Long Form: America’s Greatest Cultural Export

Long Form: America’s Greatest Cultural Export

Long Form: America’s Greatest Cultural Export

Xi Jinping is a very busy man. On his last trip to Latin America, the President of China signed 40 trade agreements, met with a number of national leaders, and promised $250 billion in investments. This shouldn’t come as a surprise to anyone. In recent years, China hasn’t been shy in their ambitions to be a more dominant force on the global stage.

But how does a country, hoping to erase a century of anemic growth, plan to accumulate power? In the international arena, power is largely accumulated through financial gains. Since their economic revolution in 1979, the pace of China’s economic transformation has been extraordinary. In 1978, China was one of the poorest nations in the world. China’s GDP was only one-fortieth of the U.S. By 2021, some economic forecasts predict China will eclipse America as the world’s largest economy. Yet, China is working just as hard to expand their power through another other avenue — soft power.

Joseph Nye, architect of the theory, describes soft power as the ability to attract and co-opt rather than by coercion, using force or giving money as a means of persuasion. Examples of soft power include Italy’s art scene, France’s Age of Enlightenment, or India’s Bollywood.

How does China plan to expand their soft power? Through film; specifically, the American film industry.

Over the past five years, Chinese investment in the United States has expanded from $2 billion per year to approximately $20 billion. The major focus of China’s investment in the United States is media companies, which produce the news and entertainment that so often mold our understanding of the world.

One Chinese company, Dalian Wanda, has purchased the Hollywood movie studio Legendary Entertainment for $3.5 billion and is now hoping to acquire a 49 percent stake in Paramount Pictures, as well as purchase America’s two biggest movie theater chains: AMC and Carmike Cinemas. This doesn’t include other Chinese investments in film studios, which would expand the total portion of Chinese box office control even higher.

This is by no means an ad-hoc business venture from Beijing. Findings by the U.S.-China Economic and Security Review Commission noted that “China views film as a component of social control: in a 2014 speech, President Xi Jinping reaffirmed Mao Zedong’s dictate that ‘[Chinese] art serve politics.” A new report published by China’s governing body, the Communist China Party (CPC), argued films (regardless of origin) are the key to “Developing a strong socialist culture and that Maoist socialism was the lifeblood of the nation.”
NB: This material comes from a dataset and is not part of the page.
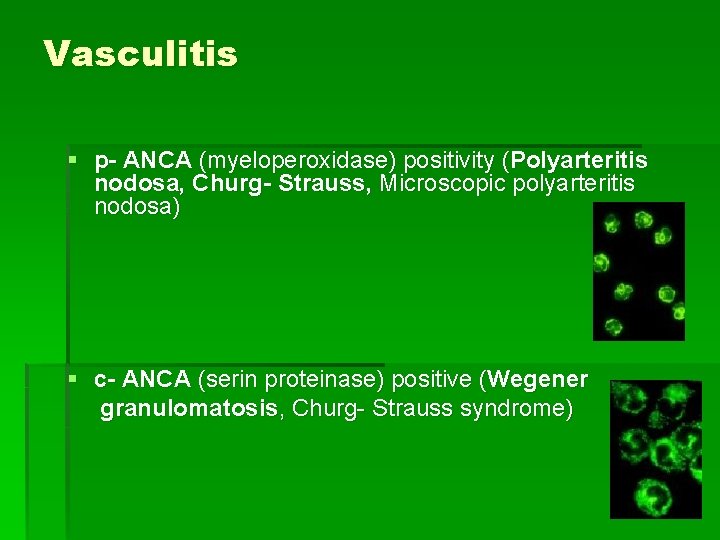 Vasculitis § p- ANCA (myeloperoxidase) positivity (Polyarteritis nodosa, Churg- Strauss, Microscopic polyarteritis nodosa) §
Why should we care? By cannibalizing the financing and circulation of American films, and subjecting them to certain restrictions to gain access to Sino markets, Beijing could successfully dictate what is and isn’t developed — leading to enormous control over America’s greatest cultural export.

Yet, despite these concerns, American filmmakers might be financially compelled to acquiesce to Sino censorship. Our frenemies in the Far East love movies. Since 2015, movie viewership in Asia’s largest economy expanded by 50%. As the second largest movie market in the world, China is home to the world’s largest number of project screens with more than 7,800 theatres. With only 38 foreign films being allowed to be shown a year, there is immense competition from US cinema producers to tailor a product that is favorably received by Chinese lawmakers.
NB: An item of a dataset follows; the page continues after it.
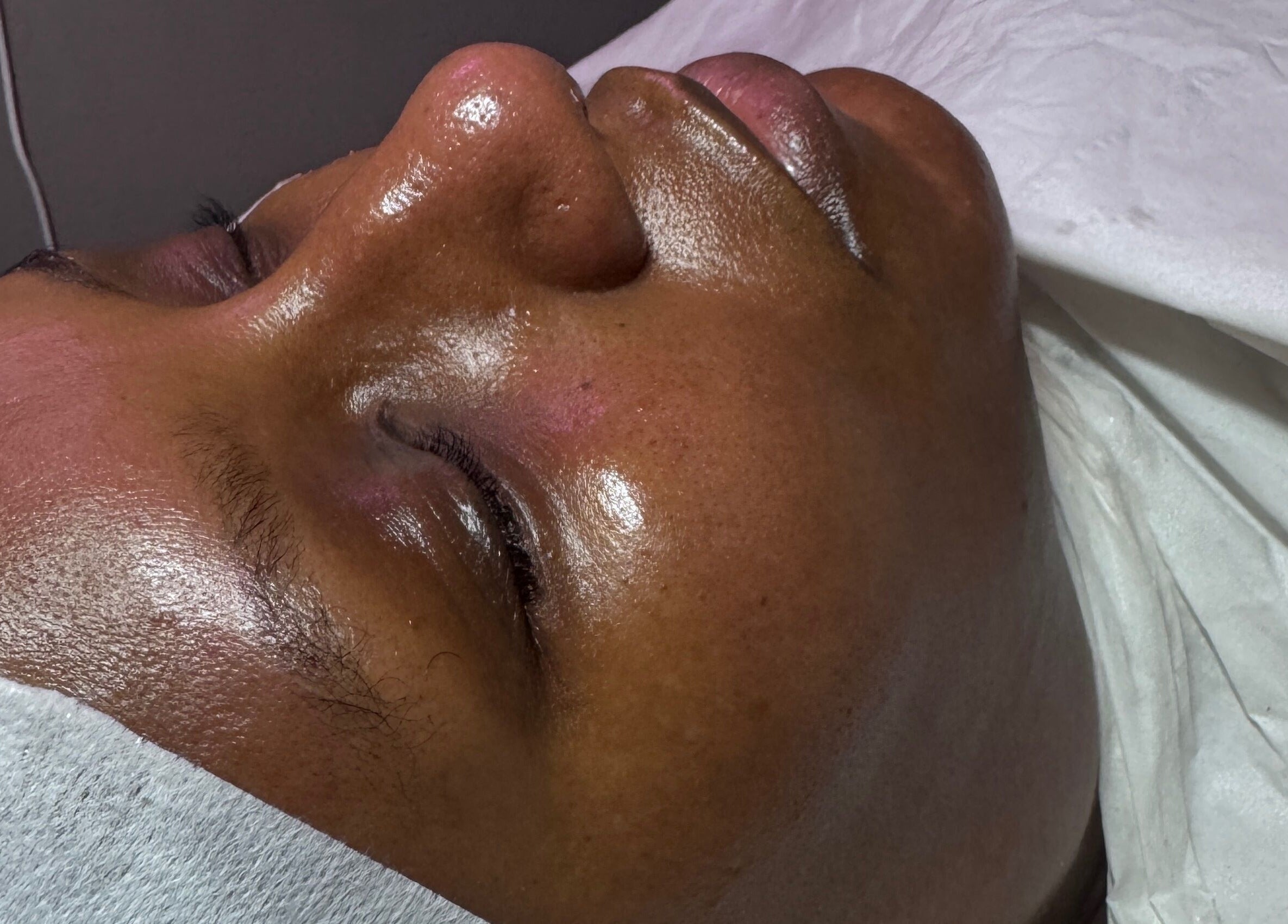 Close-up of a facial treatment at Aesthetics & Beauty By Rochelle, Croydon, England, GB.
Thus, movies like Skyfall, World War Z, Kung Fu Panda, and many more US-based flicks have not only dramatically altered their script, but original cinematic direction after scrutiny from the CPC.

Yet, gaining favor with Beijing may come at an international cost. Aside from China, the rest of the world appreciates the power and purity of American cinema. The UK House of Common Culture, Media, and Sports Committee estimates that roughly 20% of American visitors to the UK came to visit based on the way their nation was portrayed in films or television. India’s first Prime Minister Jahal Nehru claimed, “the influence of international movies in India is greater than newspapers and book combined.” Almost seventy years later, in a meeting with President Obama (#missyoualready), current Indian Prime Minister Narendra Modi discussed how certain US films inspired his civic participation. A Pew Recent Center survey commissioned in 2013 found that seven out of ten of those surveyed in Japan, Mexico, and Brazil say American films made a significant impact on their lives.

After viewing the latest DC Comic film, anything with Adam Sandler, or all five Ice Age sagas one maybe disheartened with the state of America cinema. But even the most creative industries produce lackadaisical products, and the US movie industry is no exception.

Nonetheless, the collective experience of film viewing should not be dismissed. US cinema has always been an opportunity to imagine, escape from reality, a means to educate, a platform for conversation, and an ever-rare commonality among people across the political spectrum. Moreover, film is one of the most accessible art forms, in which participation is not defined by social class.

The American film industry has been an avenue for authentic storytelling, an invaluable cultural export, and yes — a source our own soft power. Tom Sherak, The former President of the Academy of Motion Picture Arts and Sciences once said, “Film is a reflection of society, both past and present.” That invaluable lens into our social fabric, no matter how imperfect it may be, should not be in the hands of those who don’t appreciate that art.